» **The problem**
The answer consists only of the lines from the beginning of the listing below to the line holding "Workshop-SHELF SITTERS-DECOUPAGED--SET 3--NOV", inclusive, with every picture removed.

Segment Start: Dataset excerpt

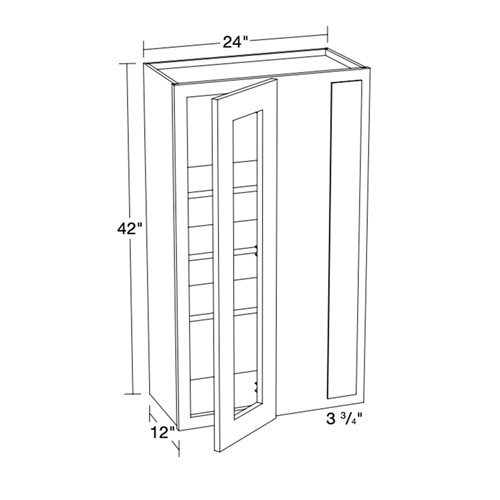 Lexington Blue Shaker 27"x42" Universal Blind Corner Wall Cabinet with Glass Doors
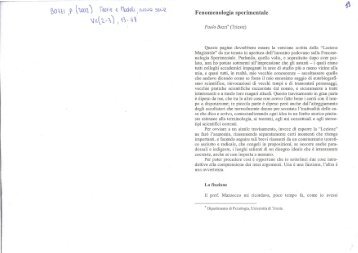 Fenomenologia sperimentale - Experimental Phenomenology of ...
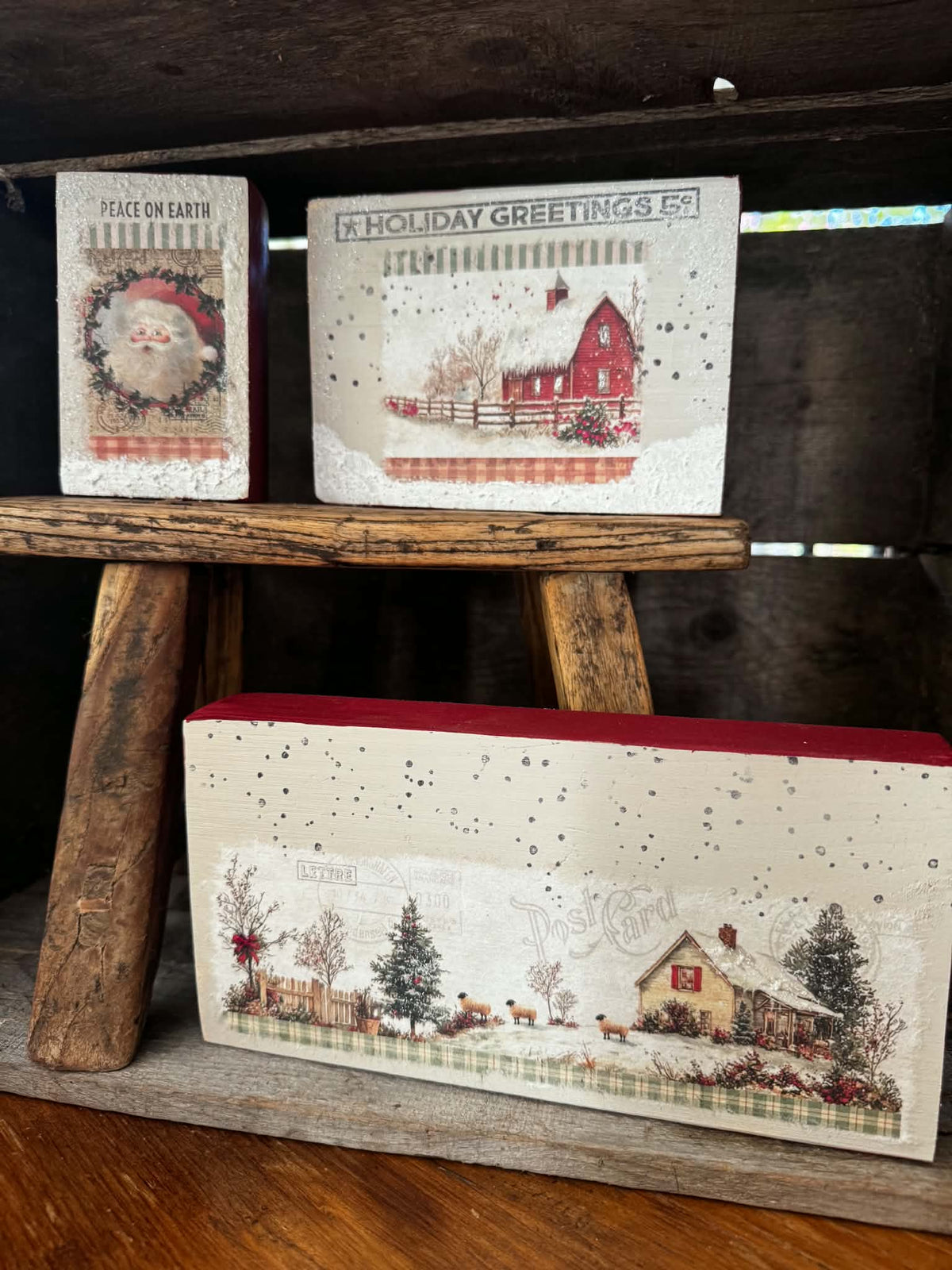 Workshop-SHELF SITTERS-DECOUPAGED--SET 3--NOV 8 @ NOON (Read details in description)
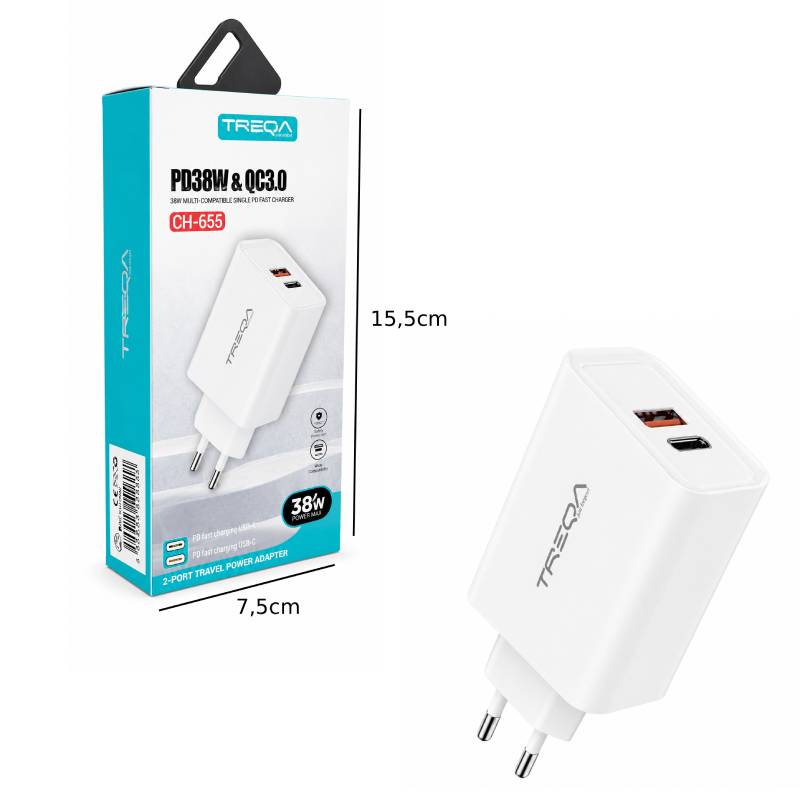 Treqa Φορτιστής Ταχείας Φόρτισης 38W CH-655 - Fast Charger OEM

Segment End: Dataset excerpt

» **Solved exercise**
 Lexington Blue Shaker 27"x42" Universal Blind Corner Wall Cabinet with Glass Doors
 Fenomenologia sperimentale - Experimental Phenomenology of ...
 Workshop-SHELF SITTERS-DECOUPAGED--SET 3--NOV 8 @ NOON (Read details in description)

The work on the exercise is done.